Приводы в милицию за езду на подножках были обычным явлением. Родители целый день находились на работе. Местами наших сборищ служили чердак и крыша. Оттуда было видно всю Москву, и оттуда было удобно бросить патрон с гвоздиком, подвязанным под капсюль. Ударившись о тротуар, сооружение взрывалось. Туда и принес мне мой старший друг Жирик первую для меня зеленую книгу Пастернака.
Пастернак внимал моим сообщениям об эпопеях двора с восхищенным лицом сообщника. Он был жаден до жизни в любых ее проявлениях.

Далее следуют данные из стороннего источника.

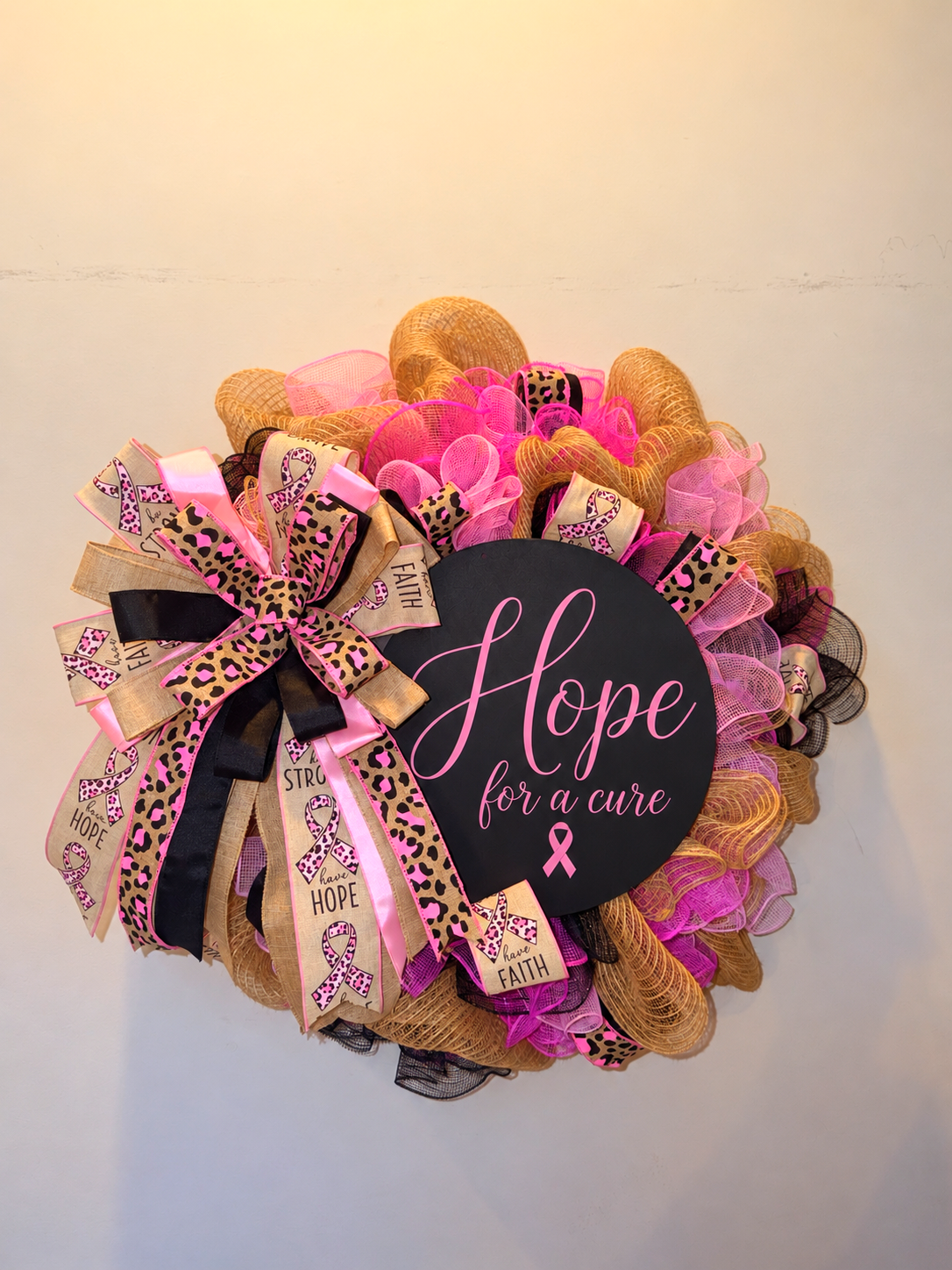 Hope For A Cure Breast Cancer Awareness Mesh Wreath | Pink Leopard Front Door Wreath | Support Ribbon Wreath | Luxury Awareness Decor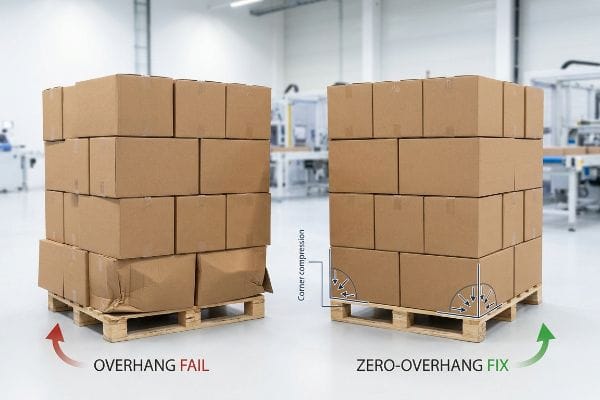 Brown corrugated boxes on pallets illustrate Overhang Fail with crushed cartons versus Zero-Overhang Fix showing proper Corner Compression.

Сейчас понятие двора изменилось. Исчезло понятие общности, соседи не знают друг друга по именам даже. Недавно, наехав, я не узнал Щипковского. Наши святыни — забор и помойка — исчезли. На скамейке гитарная группа подбирала что-то. Уж не «Свечу» ли, что горела на столе?..
Так же благодаря изящной мелодии впорхнуло в быт страны цветаевское: «Мне нравится, что вы больны не мной».

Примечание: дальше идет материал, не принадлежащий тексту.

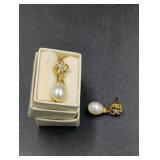 10K Gold Pearl & Diamond Earrings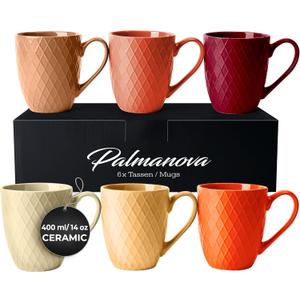 MIAMIO - Coffee Mugs set of 6 / Coffee Cups - 6 x 14 Oz Ceramic Mugs - Large Coffee Mugs - Microwave & Dishwasher safe - Palmanova Collection (Red)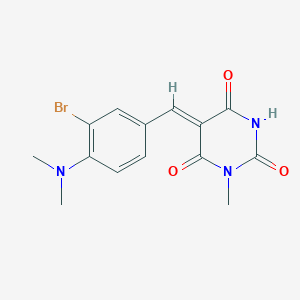molecular formula C14H14BrN3O3 B5171413 5-[3-bromo-4-(dimethylamino)benzylidene]-1-methyl-2,4,6(1H,3H,5H)-pyrimidinetrione 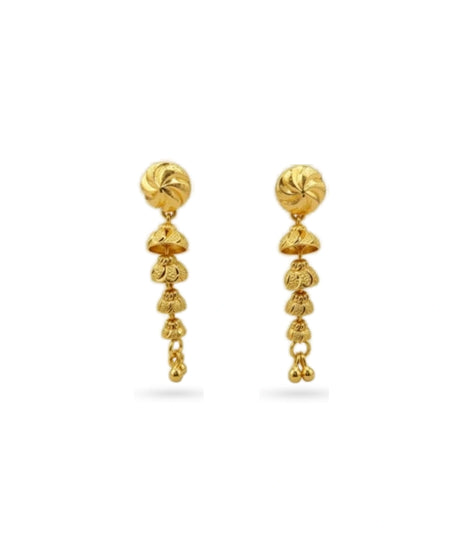 Gold Plated Spiral Charm Dangler Earrings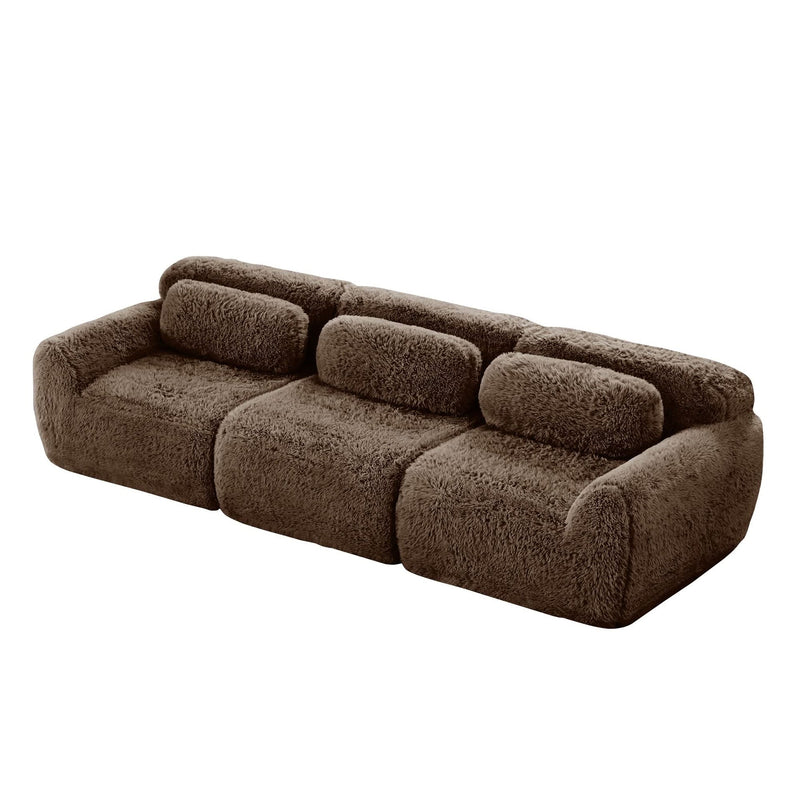 Plush Fabric Sectional Sofa Chocolate Modular With Ottoman & Pillows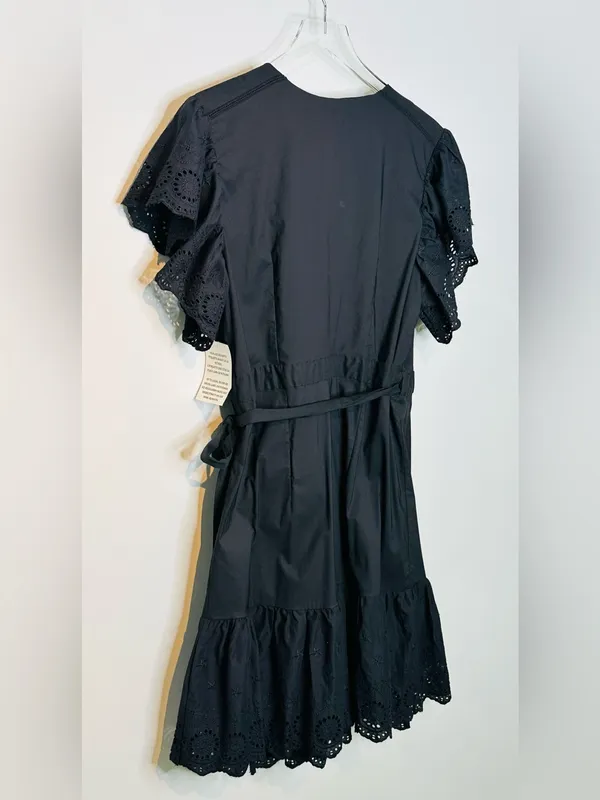 Maette Black Eyelet Cotton Poplin Wrap Mini Dress NWT - Image 7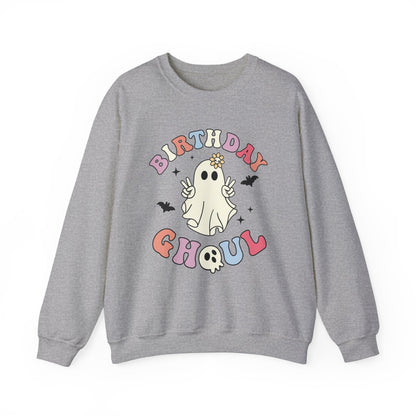 Birthday Ghoul Sweatshirt Funny Halloween Birthday Sweater Retro Halloween Ghost Sweatshirt Groovy Halloween Birthday Party Spooky Season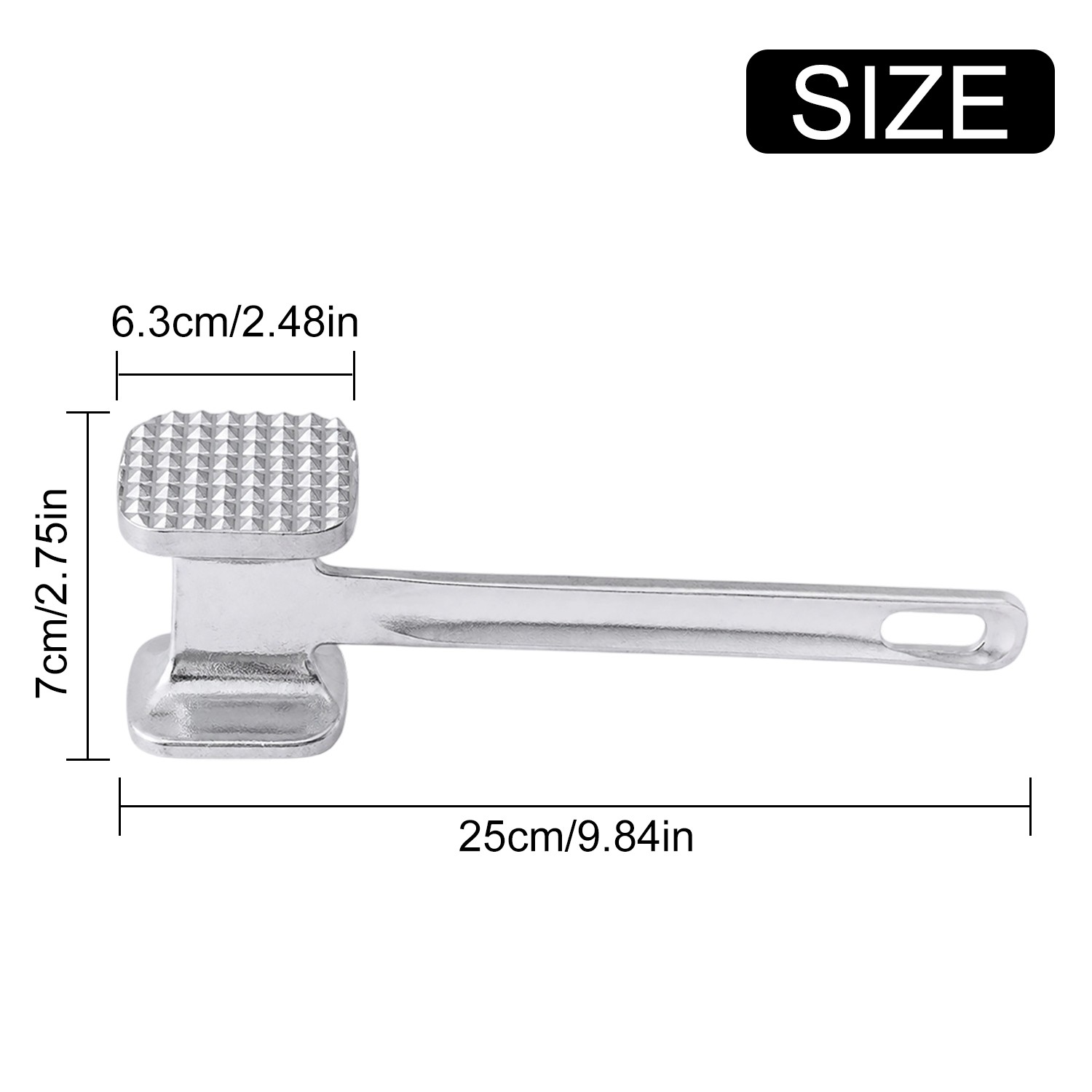 Dual Sided Meat Mallet Tenderiser Steak Chicken Beef Hammer Kitchen Pounder — image 2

* * *Когда-то говоря в журнале «Иностранная литература» о переводах Пастернака и слитности культур, я целиком процитировал его «Гамлета» (так впервые было напечатано это стихотворение). Не то машинистка ошиблась, не то наборщик, не то «Аве, Оза» повлияло, но в результате опечатки «авва отче» предстало с латинским акцентом как «аве, отче». С запозданием восстанавливаю правильность текста:
Если только можно, авва отче,Чашу эту мимо пронеси…
Эта нота как эхо отзывается в соседнем стихотворении:
Чтоб эта чаша смерти миновала,В поту кровавом он молил Отца.
Недавно тбилисский Музей Дружбы народов приобрел архив Пастернака. С волнением, как старого знакомого, я встретил первоначальный вариант «Гамлета», заученный мной по изумрудной тетрадке. В том же архиве я увидел под исходным номером мое детское письмо Пастернаку. В двух строфах «Гамлета» уже угадывается гул, предчувствие судьбы.
Вот я весь. Я вышел на подмостки,Прислонясь к дверному косяку.Я ловлю в далеком отголоскеТо, что будет на моем веку.Это шум вдали идущих действий.Я играю в них во всех пяти.Я один. Все тонет в фарисействе.Жизнь прожить — не поле перейти.
Поле соседствовало с его переделкинскими прогулками.
В часы стихов и раздумий, одетый, как местный мастеровой или путевой обходчик, в серую кепку, темно-синий габардиновый прорезиненный плащ на изнанке в мелкую черно-белую клеточку, как тогда носили, а когда была грязь, заправив брюки в сапоги, он выходил из калитки и шел налево, мимо поля, вниз, к роднику, иногда переходя на тот берег.